→ EXERCISE OBJECTIVE
Only an exact copy is wanted: the lines from the one holding "Cantal AOP : le fromage Cantal AOP" through the last line below, minus the pictures.

***

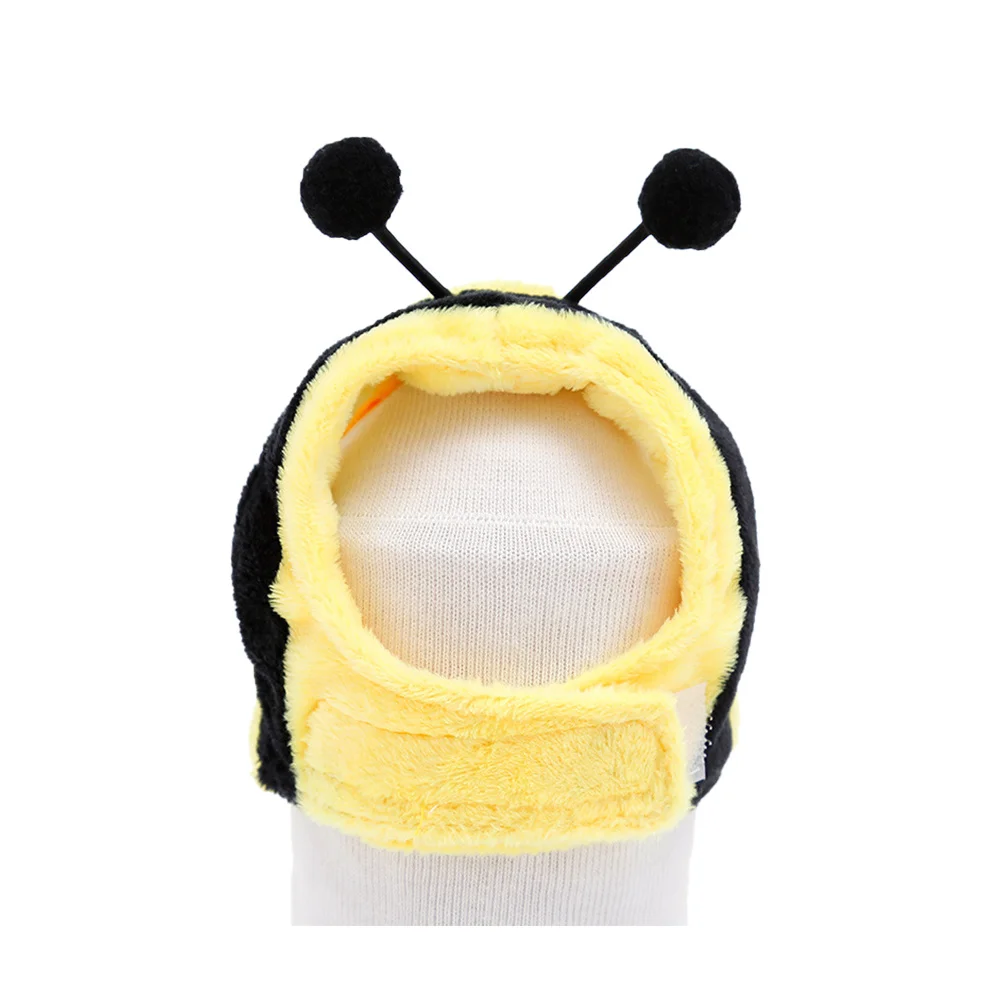 

Cat Headwear Size Xs Pet Hair Accessory For Cats Small Dogs Christmas Party Photo Shoot Soft Comfortable Dress Up Costume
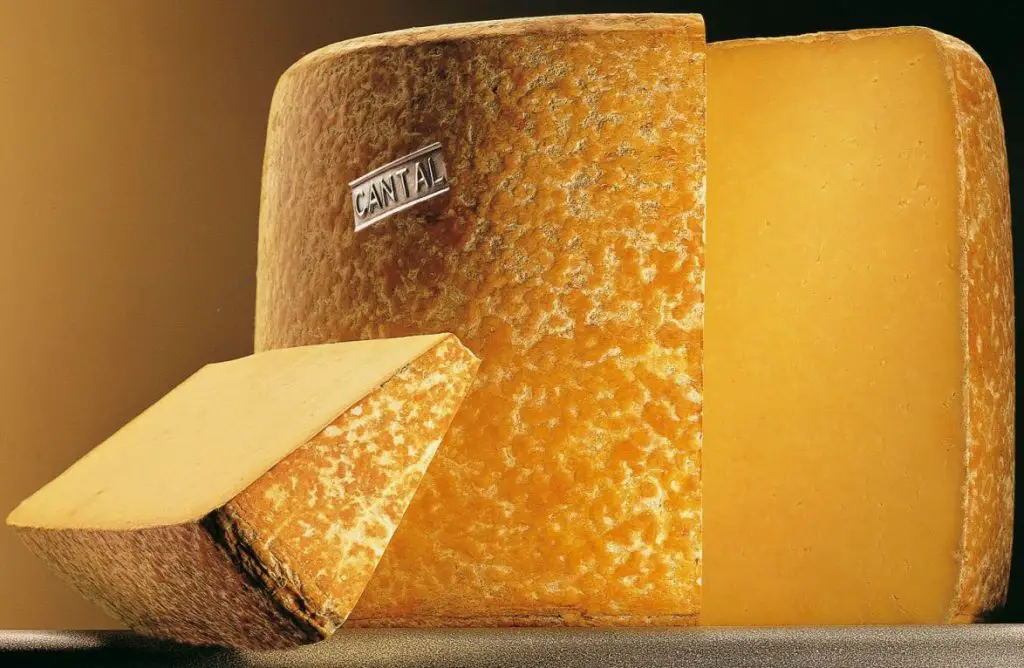 Cantal AOP : le fromage Cantal AOP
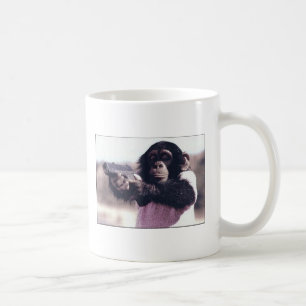 Apastickup Kaffemugg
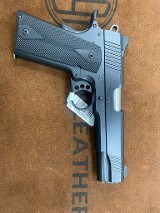 KIMBER 1911 CUSTOM LW .45 ACP - 2 of 3 KIMBER 1911 CUSTOM LW .45 ACP - 2 of 3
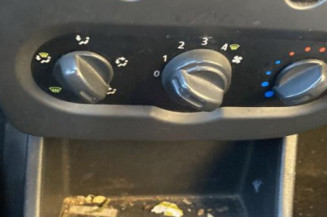 Serrure avant droit DACIA SANDERO 1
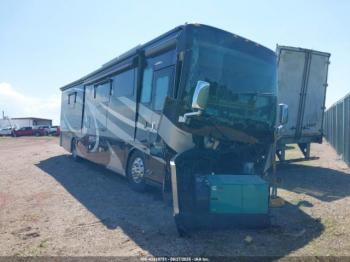  Salvage Tiffin Motorhomes In Phaeton
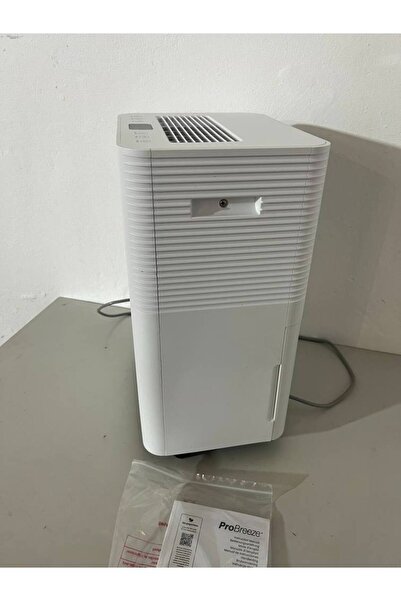 Pro Breeze Έξυπνος Αφυγραντήρας OmniDry 20 L Wi-Fi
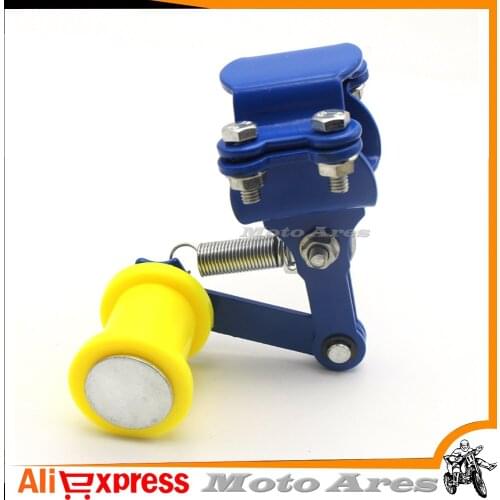 Automatic Regulator Motorcycle accessories modified adjust chain tensioner adjust device length motorcycle chanis tensioner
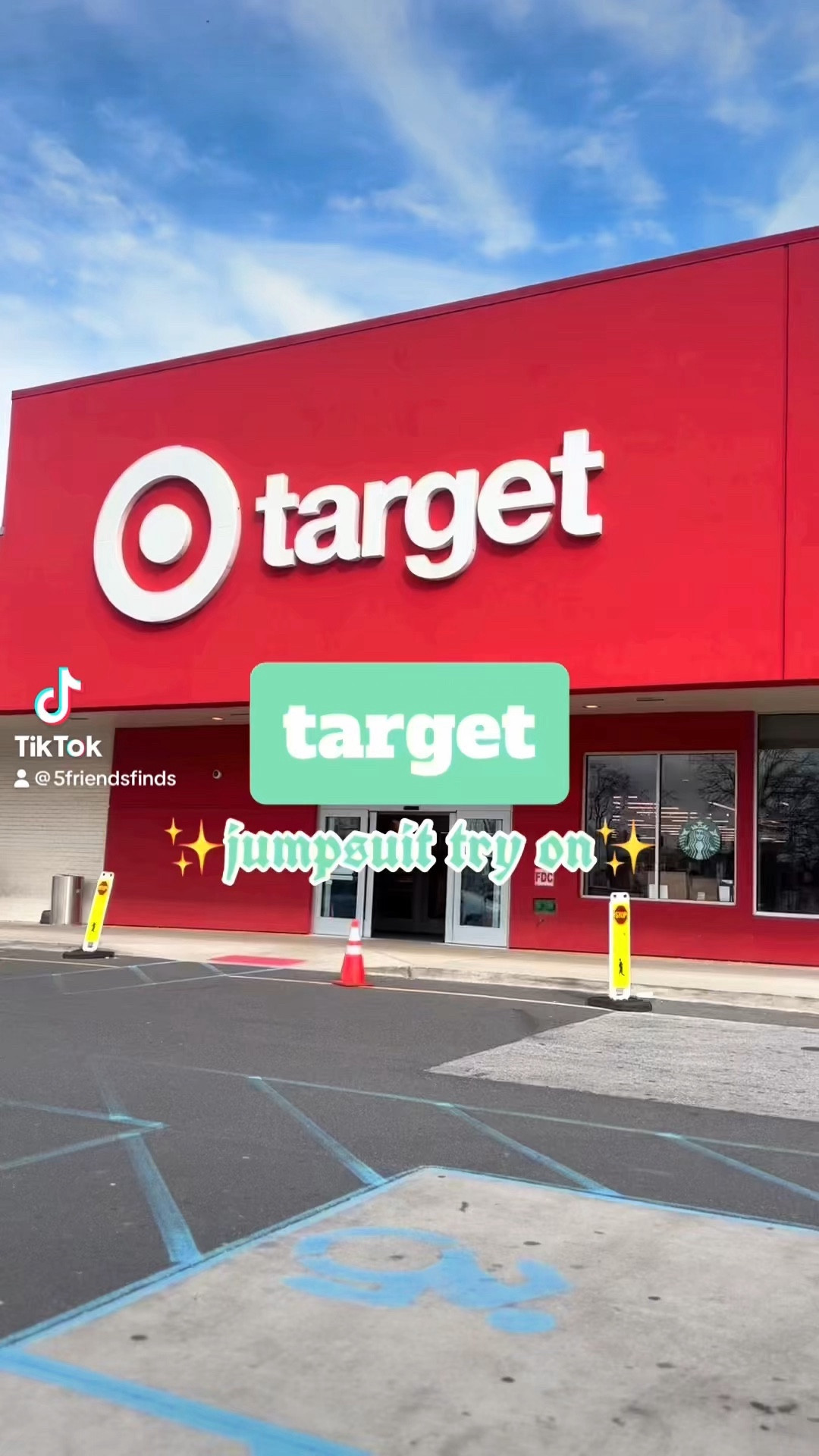 #target #5friendsfinds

***

→ SOLUTION BELOW
 Cantal AOP : le fromage Cantal AOP
 Apastickup Kaffemugg
 KIMBER 1911 CUSTOM LW .45 ACP - 2 of 3 KIMBER 1911 CUSTOM LW .45 ACP - 2 of 3
 Serrure avant droit DACIA SANDERO 1
  Salvage Tiffin Motorhomes In Phaeton
 Pro Breeze Έξυπνος Αφυγραντήρας OmniDry 20 L Wi-Fi
 Automatic Regulator Motorcycle accessories modified adjust chain tensioner adjust device length motorcycle chanis tensioner
 #target #5friendsfinds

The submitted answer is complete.